Early in Pretty Poison, mental patient Anthony Perkins is sternly informed that there's no place in a hostile outside world for fantasies. But for an inveterate daydreamer like Perkins, a life without illusion is tantamount to death. So before long, a thoroughly non-rehabilitated Perkins is telling tall tales about his imaginary existence as an undercover CIA agent to wide-eyed high-schooler Tuesday Weld. But Pretty Poison's sick central joke is that Weld's perky blonde teenager, by all outward appearances the very image of fresh-scrubbed, all-American innocence, is infinitely more deranged than Perkins' tormented arsonist.
In Noel Black's adaptation of Stephen Geller's novel, Perkins and Weld develop a shared fantasy world that quickly spirals out of control. The terminally restless Weld relishes any opportunity to escape the boredom of small-town life, and she uses Perkins' increasingly transparent ruse that he's a government agent to rid herself of obstacles like her disapproving mother.

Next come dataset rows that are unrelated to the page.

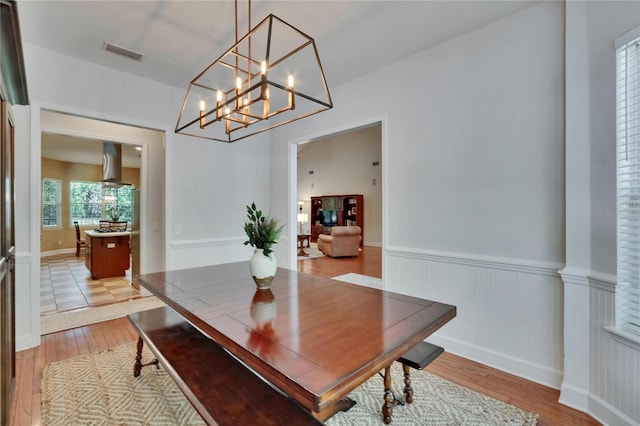 16420 Iola Woods Trl, Dade City, FL 33523 - dining area with a chandelier, light wood finished floors, visible vents, and a wainscoted wall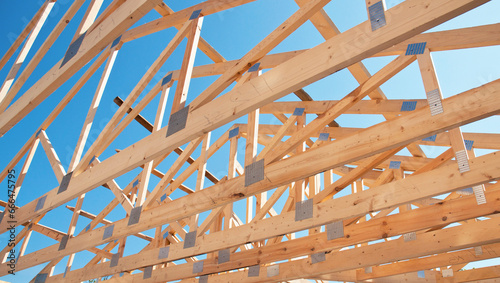 Timber framing, wooden structural framework. Wooden framework during house roofing construction.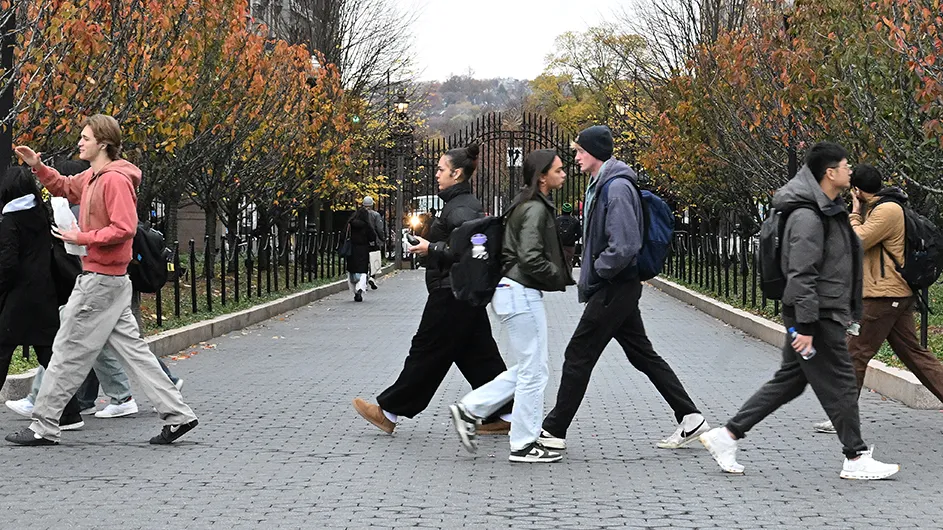 Students walking on Columbia’s Morningside campus with the closed gates in the background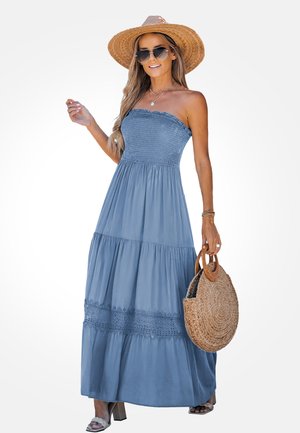 Vrouw draagt een blauwe strapless maxi-jurk, een strooien hoed met brede rand, een zonnebril, houdt een ronde gevlochten handtas vast en draagt sandalen met blokhakken.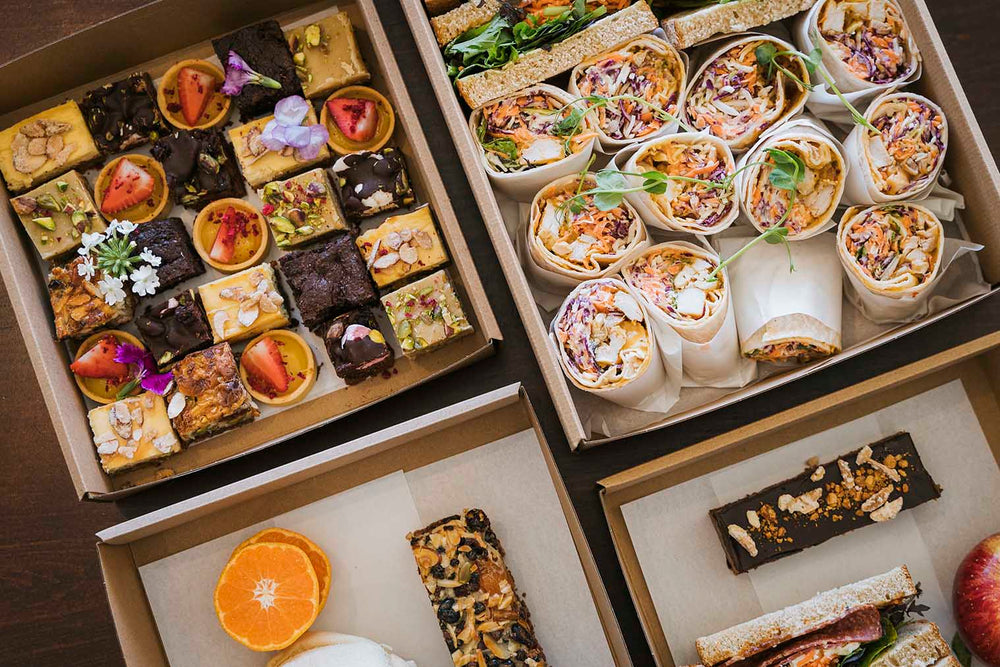 A mix of Arctic Kitchen catering platter options - small bites, sandwiches, wraps and slices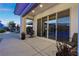 Covered patio with sliding glass doors leading to the backyard at 7869 Wheeler Creek Ct, Las Vegas, NV 89113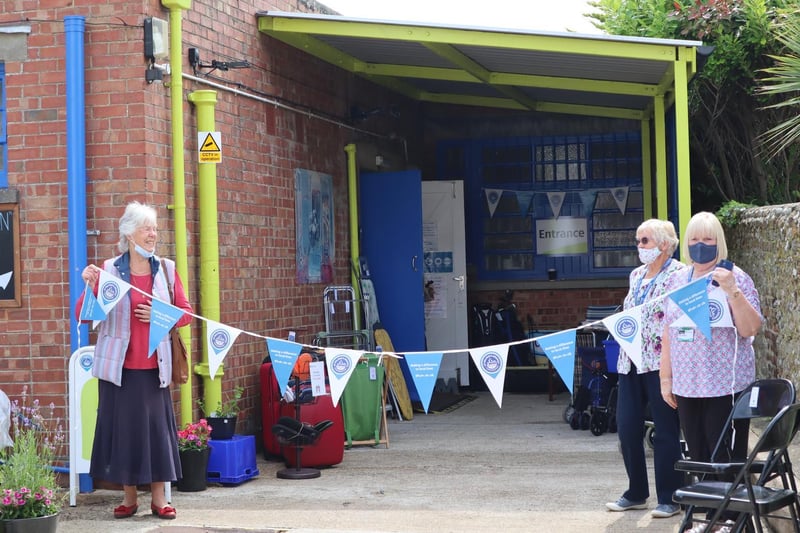The Selsey Shantymen welcomed dozens of shoppers after the ribbon cutting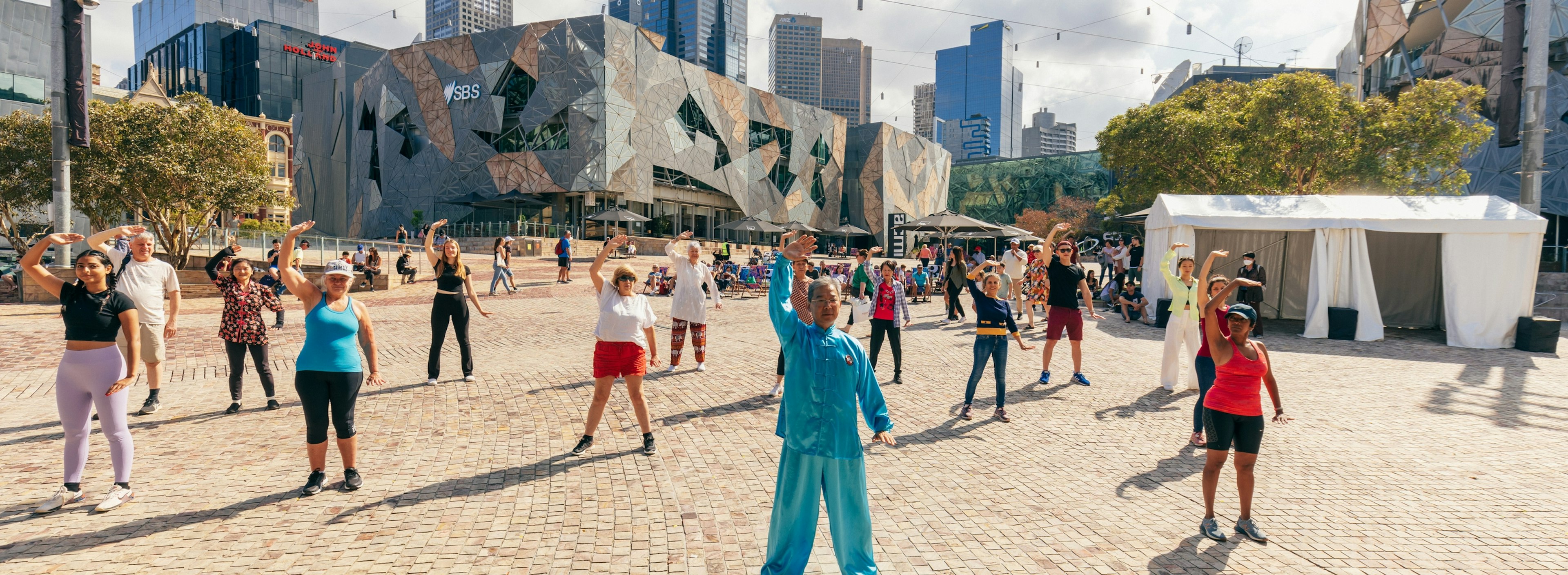 Many people enjoy Tai Chi at Fed Square, led by Master Song, in blue silks.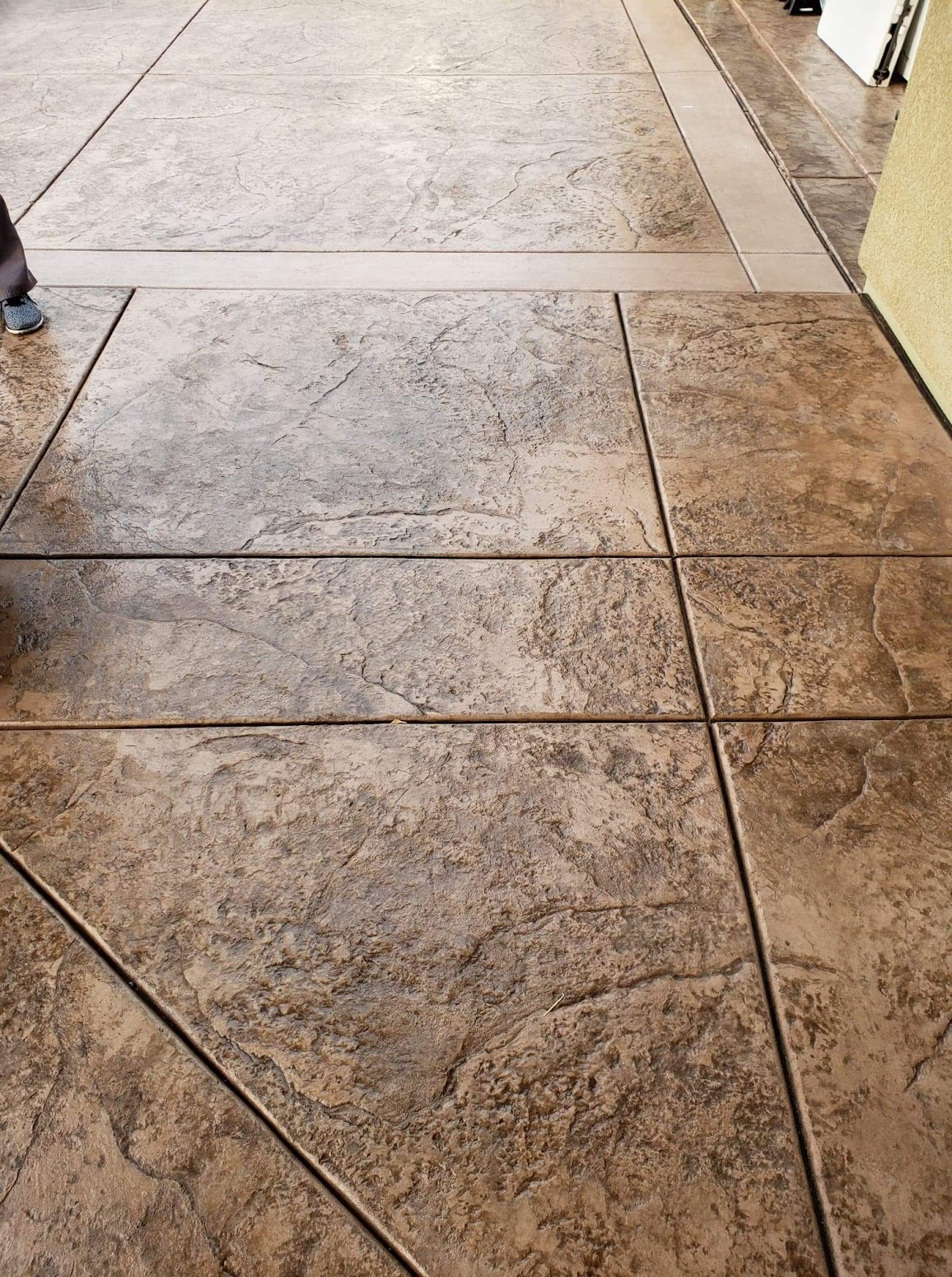 Detailed stamped concrete texture with custom border pattern in Tracy Hills, CA
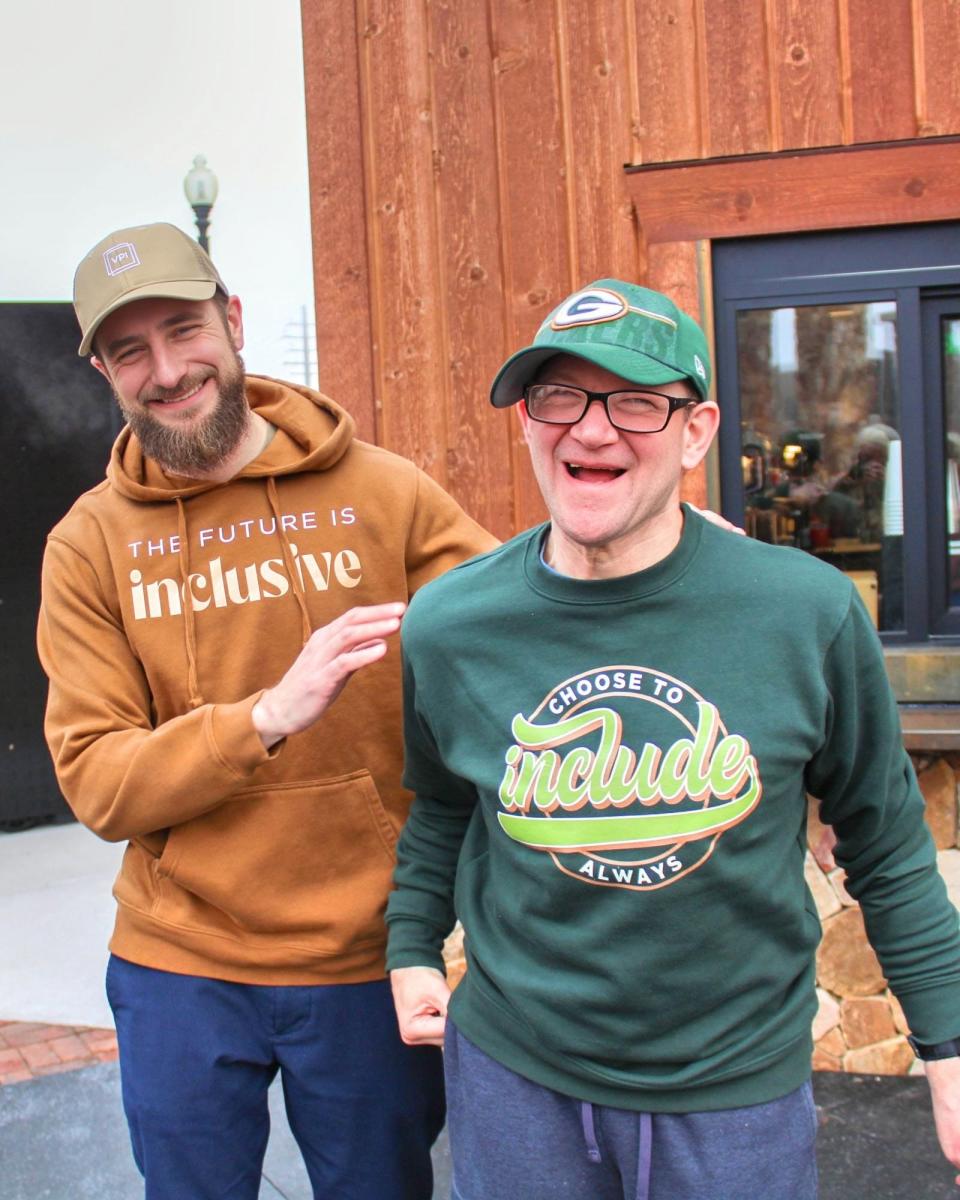 Matt, former VPI Community Inclusion Manager, wears a “The Future is Inclusive” hoodie and Paul, VPI pre-employment client wears a “Choose to Include” crewneck from the Inclusion Clothing Co during a photo shoot outside Globe Coffee in Neenah.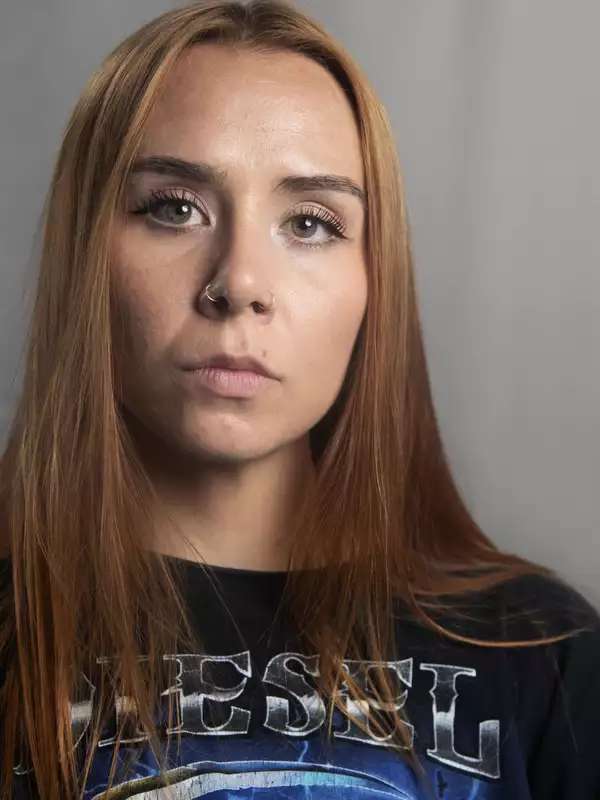 Headshot of a white woman with red-brown hair and green eyes. 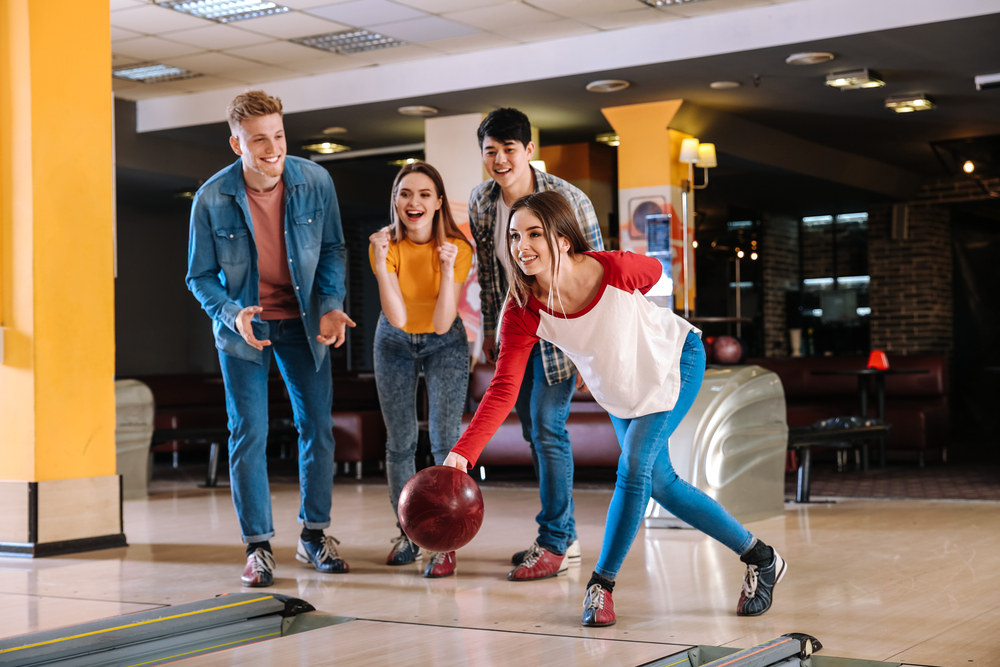 Friends playing bowling in an alley and the lady bowler in the white and red shirt decided to climb the ranking of her friends.
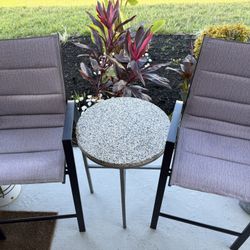 2 bar counter chairs and top marble table 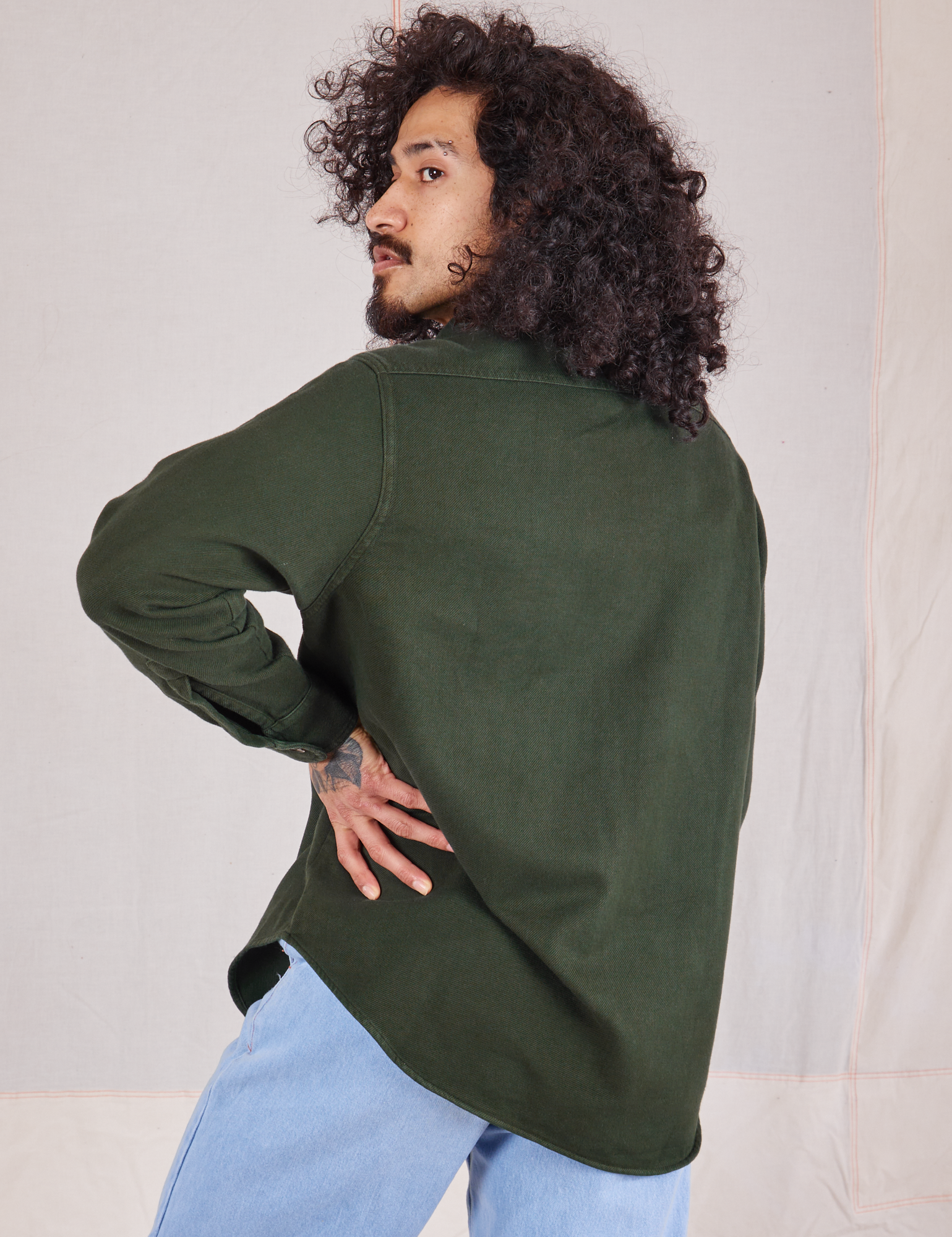 Angled back view of Flannel Overshirt in Swamp Green on Jesse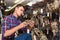 guy looking holster for pneumatic weapon in army store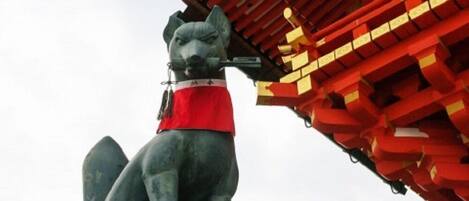 A statue of a dog wearing a red garment, positioned in front of a traditional red and gold building.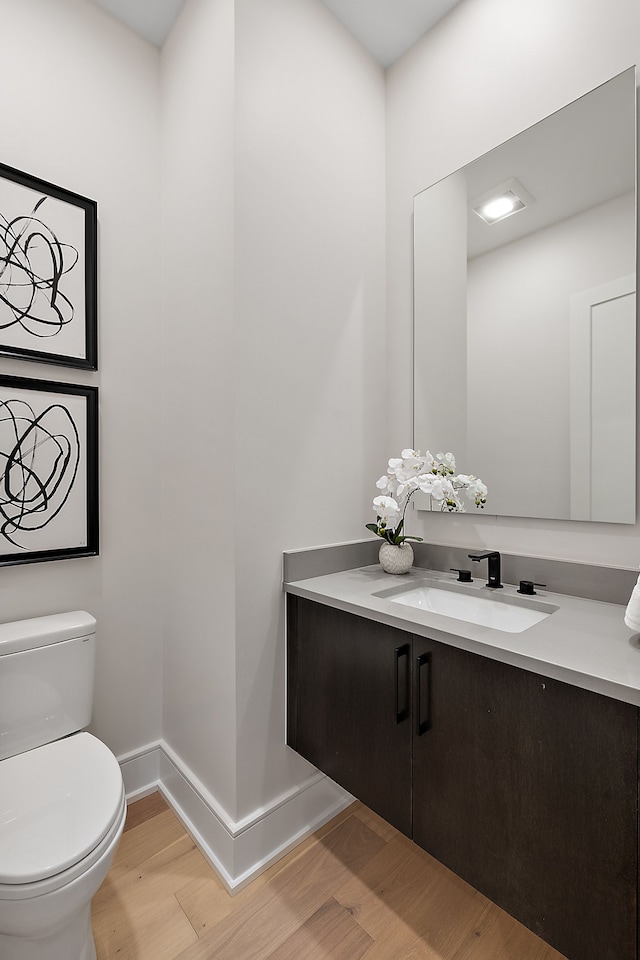 49351 Villa Dr, Novi, MI 48374 - half bathroom featuring wood finished floors, toilet, vanity, and baseboards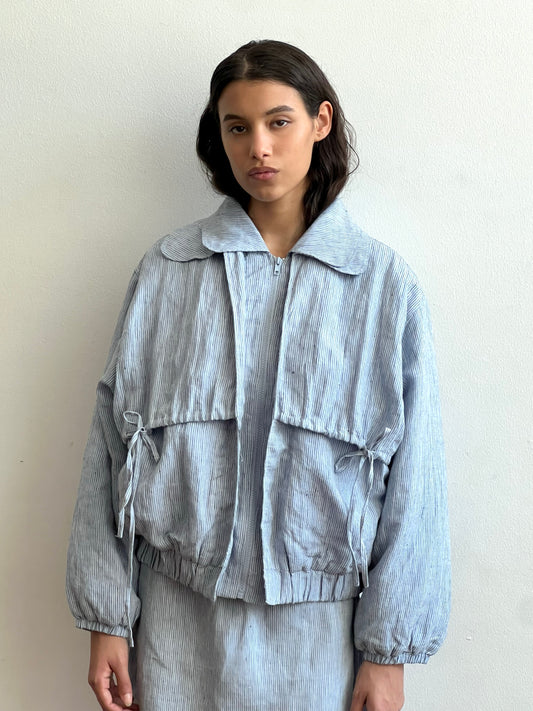 A woman with long dark hair stands against a white wall, wearing the Double Layered Jacket - Blue Stripe, a loose-fitting piece with large front pockets and matching pants. She keeps a neutral expression with her hands at her sides.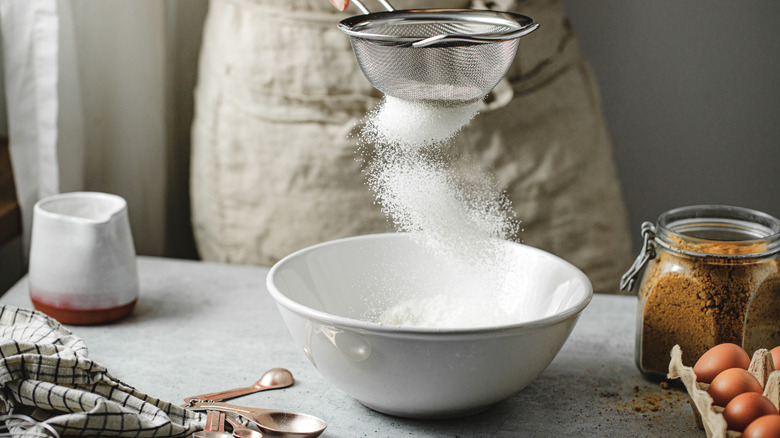 Flour being sifted into bowl next to baking ingredients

Perkins begins the film with the superior smirk of someone forever enjoying an inside joke at humanity's expense, but once his affair with Weld develops a body count, his bravado gives way to panic. He's far too familiar with the horrors of involuntary confinement to view the prospect of returning to it with anything but horror. Weld, meanwhile, boasts the delirious bloodlust and untroubled conscience of a 200-proof sociopath, treating murder as little more than a breezy game of make-believe. Weld throws herself into her character's chipper amorality with frightening conviction; as in Lord Love A Duck, she's brilliant at playing a character whose perfect façades mask oceans of pain and bitterness. Black's dry direction cannily ekes black comedy out of the juxtaposition of small-town drudgery and murderous intrigue, in the process crafting a distinctly late-'60s version of film noir. In Pretty Poison, the darkest of deeds happen in the blandest of small towns, and the clean-cut girl next door might just be a femme fatale with malice on her mind and blood on her hands.